In order to exert full and safe control over an airship or hybrid air vehicle, it is necessary for the pilot to possess accurate knowledge of the current heaviness and trim state of the aircraft.
The aircraft heaviness is directly influenced by magnitude of the buoyant lift force, which is governed by the total volume that the lifting gas displaces inside the envelope, excluding the volume(s) occupied by the air ballonet compartment(s).
Similarly, the aircraft trim state is directly influenced by the net point of action of the buoyant lift force, which is governed by the geometric distribution of the lifting gas inside the envelope, excluding the volume(s) occupied by the air ballonet compartment(s).
Consequently, it is desirable to be able to determine both the total volume and the geometric distribution of the envelope's lifting gas compartments to optimise the control of the airship or hybrid air vehicle.
In known systems, baseline values for aircraft weight and balance are measured on the ground prior to flight, or, when feasible, in stable flight conditions.
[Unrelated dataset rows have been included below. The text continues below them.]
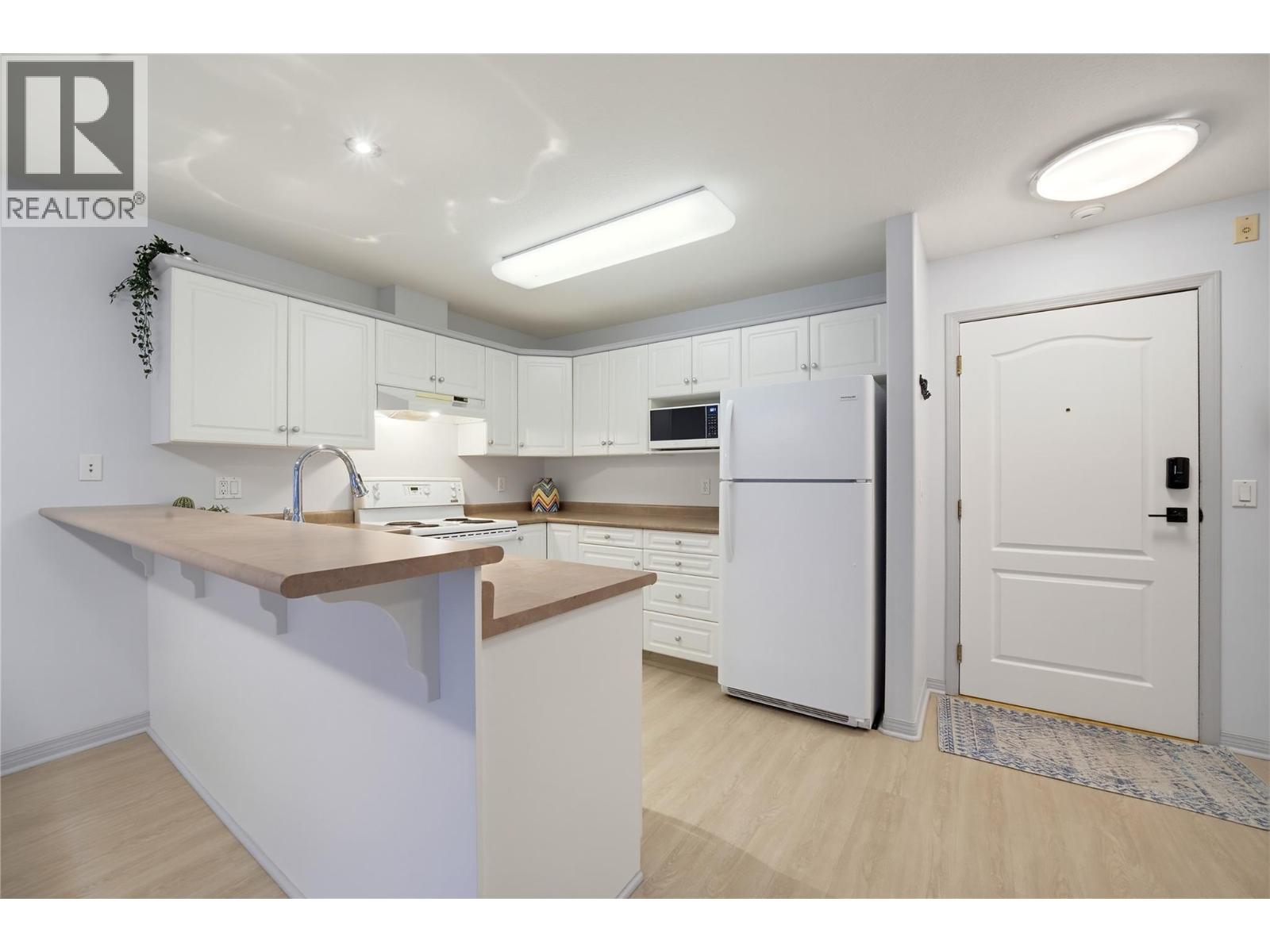 #114 1002 Riverside Avenue - 6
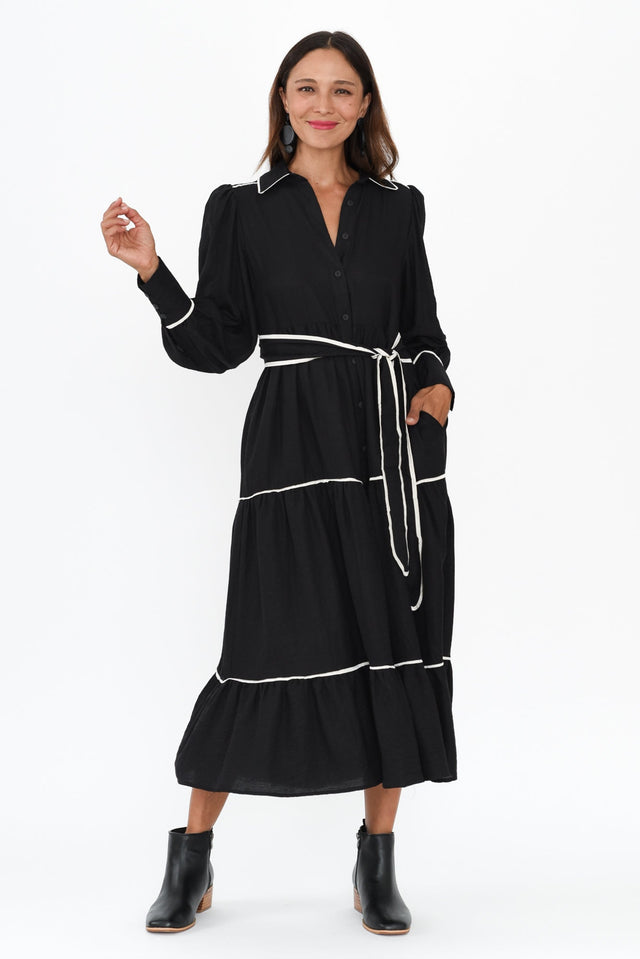 alt text|model:Cara image 3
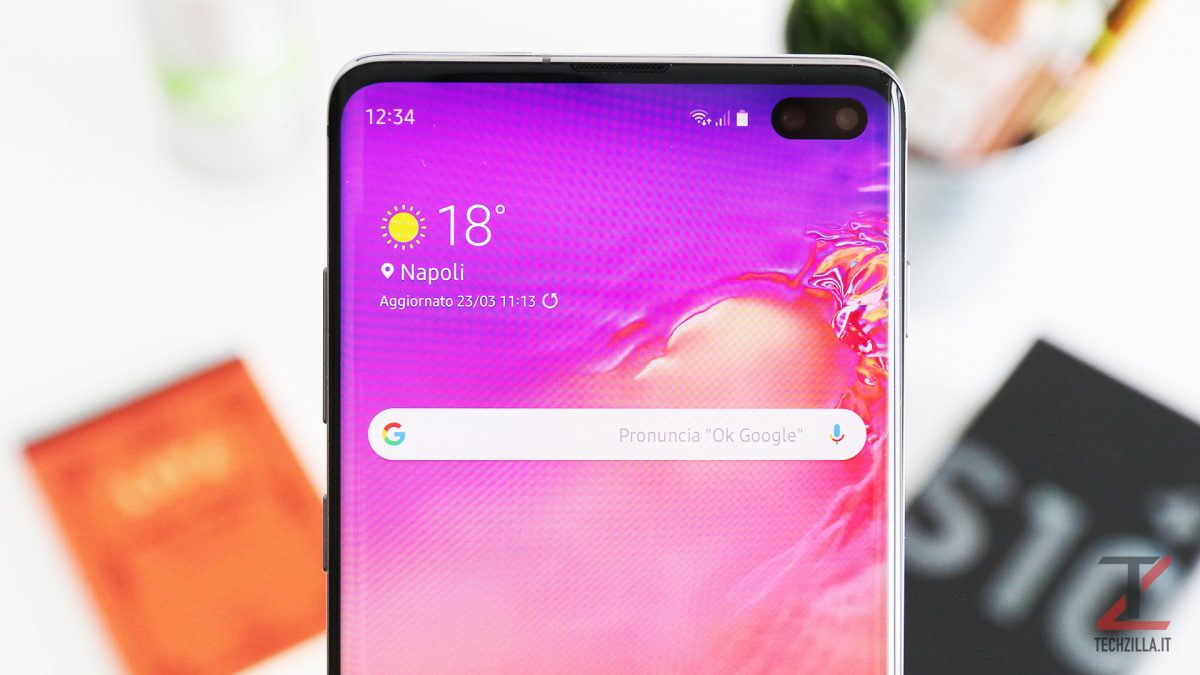 Samsung Galaxy S10+ display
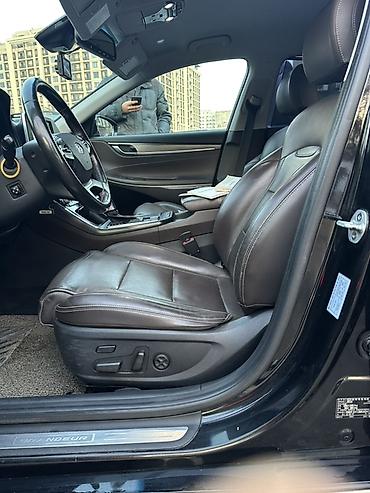 gra: Hyundai Grandeur: 2019 г., 2.4 л, Автомат, Гибрид, Седан — 10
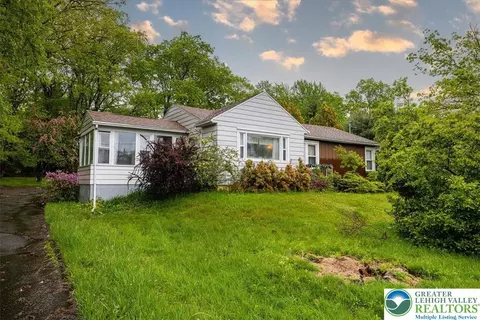 3 Oak Dr, Mountain Top, PA 18707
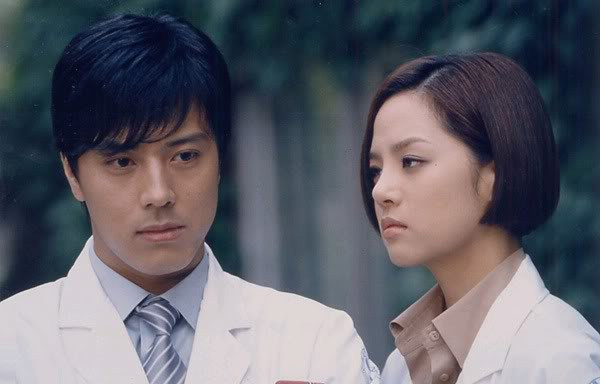 Gương mặt nam tính nhưng không kém phần lạnh lùng kể cả ngoài đời lẫn trên màn ảnh của Han Jae Suk "đốn tim" fan nữ. Anh còn được fan ưu ái đặt cho biệt danh “chàng trai cá tính nhất màn bạc Hàn Quốc”.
Changes from baseline weight and balance values may be computed using current measurements of lifting gas temperature, purity and humidity, ballonet air contents, fuel quantity, ballast weight and payload distribution. Distortion of the external size or shape of the aircraft's pressure-stabilised envelope is not taken into account when computing current aircraft weight and balance.
Until recent years the fill status of the ballonets was primarily conducted via visual monitoring of physical markings on the fabric of the ballonets allied to pressure sensing of the air head within the ballonets. Both of these sources of data were then used in conjunction with conversion charts or similar to establish a calculated centre of gravity/centre of buoyancy for the airship.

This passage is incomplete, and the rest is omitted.